--- EXERCISE ---
Search the data for the string "Beach", and report each line where it is found.

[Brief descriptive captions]
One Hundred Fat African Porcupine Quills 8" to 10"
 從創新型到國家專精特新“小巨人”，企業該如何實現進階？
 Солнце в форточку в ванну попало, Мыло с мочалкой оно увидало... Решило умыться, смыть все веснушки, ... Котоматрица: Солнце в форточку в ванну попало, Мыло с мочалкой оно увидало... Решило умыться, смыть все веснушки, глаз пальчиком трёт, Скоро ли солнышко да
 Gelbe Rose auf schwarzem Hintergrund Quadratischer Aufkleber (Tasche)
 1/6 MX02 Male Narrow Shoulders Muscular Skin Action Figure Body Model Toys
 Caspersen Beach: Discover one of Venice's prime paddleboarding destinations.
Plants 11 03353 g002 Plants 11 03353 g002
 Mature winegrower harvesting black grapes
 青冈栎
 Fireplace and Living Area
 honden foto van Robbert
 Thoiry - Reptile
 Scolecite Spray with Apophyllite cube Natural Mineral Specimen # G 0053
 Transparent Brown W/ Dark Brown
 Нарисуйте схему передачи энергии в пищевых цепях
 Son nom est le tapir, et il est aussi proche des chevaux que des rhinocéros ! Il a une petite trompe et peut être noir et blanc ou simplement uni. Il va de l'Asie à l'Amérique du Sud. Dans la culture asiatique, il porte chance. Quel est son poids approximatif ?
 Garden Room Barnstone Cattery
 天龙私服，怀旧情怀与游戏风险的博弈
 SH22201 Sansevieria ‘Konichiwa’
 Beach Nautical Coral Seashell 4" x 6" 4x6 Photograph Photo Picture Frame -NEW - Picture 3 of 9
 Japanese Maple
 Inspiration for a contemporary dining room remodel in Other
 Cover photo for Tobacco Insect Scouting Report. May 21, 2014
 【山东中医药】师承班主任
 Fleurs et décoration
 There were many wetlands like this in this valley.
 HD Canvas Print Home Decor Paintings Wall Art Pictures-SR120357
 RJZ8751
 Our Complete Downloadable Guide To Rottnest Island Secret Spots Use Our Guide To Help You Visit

--- WRITTEN SOLUTION ---
 Caspersen Beach: Discover one of Venice's prime paddleboarding destinations.
 Beach Nautical Coral Seashell 4" x 6" 4x6 Photograph Photo Picture Frame -NEW - Picture 3 of 9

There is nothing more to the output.